TWO extremely uncomfortable truths are being increasingly recognised under Tory governance: the existence of real and tangible slavery within the British economy and the return of what the teaching profession have labelled “Dickensian” conditions amongst our children.

Beginning with Thatcher, it has been the determination of the Tories to reduce the working people of this country to a state of modern slavery; to reduce them to a state of impoverished dependence that will allow employers and managers to impose whatever terms and conditions of employment they wish. Austerity is their principal weapon for the achievement of the increasing poverty and inequality that is quite deliberate and systematic public policy.
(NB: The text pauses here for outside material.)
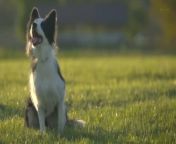 It’s Never Too Late, to Train Your Dog, Experts Say.&#60;br/&#62;Has your sweet puppy been a bit unruly?.&#60;br/&#62;No matter their age, experts say &#60;br/&#62;your dog can always benefit from &#60;br/&#62;some proper training.&#60;br/&#62;No matter their age, experts say &#60;br/&#62;your dog can always benefit from &#60;br/&#62;some proper training.&#60;br/&#62;Here&#39;s how to start:.&#60;br/&#62;Be Realistic.&#60;br/&#62;Dogs are unique and particular creatures.&#60;br/&#62;Experts say that sometimes you won&#39;t be &#60;br/&#62;able to un-train some behaviors in &#60;br/&#62;certain breeds of canines.&#60;br/&#62;Just like not every human &#60;br/&#62;is going to learn to love going &#60;br/&#62;to raves, not every dog is &#60;br/&#62;going to learn to love going &#60;br/&#62;to the dog park,Kayla Fratt, certified dog behavior consultant, via NPR.&#60;br/&#62;Say, for example, your dog is &#60;br/&#62;intimidating your guests.&#60;br/&#62;That might be a breed of dog that was selected for hundreds of years to defend against people walking &#60;br/&#62;in your front door. , Kim Brophey, applied ethologist and dog mediator, via NPR.&#60;br/&#62;Decide How &#60;br/&#62;You Want &#60;br/&#62;to Train.&#60;br/&#62;There are many methods regarding training your favorite puppy dog.&#60;br/&#62;Group classes, one-on-one consulting sessions, board and train, and self-led training are a few of the most common.&#60;br/&#62;Experts say to do your best to pick the most appropriate training for unique situations.&#60;br/&#62;For example, if your dog is being aggressive with other animals at home, training outside of your home may not be helping your situation at all.&#60;br/&#62;Understand the &#60;br/&#62;Methods.&#60;br/&#62;Dog training methodology often falls into two categories: those who train with positive reinforcement and those who consider themselves more balanced.&#60;br/&#62;Positive reinforcement training is &#60;br/&#62;the act of rewarding your dog when &#60;br/&#62;they do something good in hopes &#60;br/&#62;that they repeat their behavior.&#60;br/&#62;So-called balanced trainers often &#60;br/&#62;employ positive reinforcement &#60;br/&#62;training but are more willing to utilize corrections, such as e-collars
Their determination to remove all employment rights from working people as a precursor to removing all of our human rights reveals the principal reason for their enthusiasm to leave the EU.

Modern forms of slavery are becoming normalised within our economic system as employers exploit the absence of meaningful employment protection; the result of a poisonous economic doctrine that dehumanises employees and treats them as commodities. Last month the National Crime Agency reported a 35 per cent annual rise in suspected victims of slavery in the UK.

We are also seeing reports from the teaching profession, who have decided to speak out over the return to Dickensian conditions amongst our nation’s children. They report how children are stuffing their pockets with food from school refectories and canteens because that is the only food they will get that day. Children are turning up at school on Mondays with dirty uniforms because they have no other clothes and have to wear their uniforms all weekend. Many children are missing school because they have no shoes, and one primary school headteacher recently opened his school during the severe snow to ensure his pupils got a hot meal that day.

Speaking at the National Education Union conference in Brighton, school leaders described how pupils arrive at school with “grey skin, poor teeth, hair and nails,” with many union members describing the situation facing their poorest pupils as “heartbreaking”. According to the Child Poverty Action Group there were four million children in the UK living in poverty in 2016, equivalent to nine in every classroom of 30.

This is the true character of our Tory elite and their supporters, those nice, moral, intelligent and well-bred personnel who went to private school, Eton and Oxbridge, so decent and civilised. The fruits of their governance demonstrate that they are indeed uncivilised, immoral and indecent, finding solace in a degenerate ideology that justifies a complete lack of human compassion and dignity and encourages their basest impulses and desires. We must never forget that we live in the seventh richest economy on earth and that such conditions flourish because of the cruelty of the Westminster Parliament. There is no depth to which a Tory will not sink to satisfy their greed and venality. In this Labour are little better.

There is poverty in Scotland, but most of the above scenarios are to be found outwith Scotland, which is a more civilised and decent society. And that is the clue: Scotland is more of a society than the rest of the UK, with a greater sense of community and social responsibility.

A dominant ideology of greed and aggressive individualism will produce greedy, aggressive individuals. The above trends are the result of the dominant free-market “there is no such thing as society” poison preached as gospel by the Blessed Margaret. This ideology must be challenged and defeated or things will only deteriorate. The final nails in the coffins of the working people of Britain will be Brexit, and is what the English voted for. We didn’t.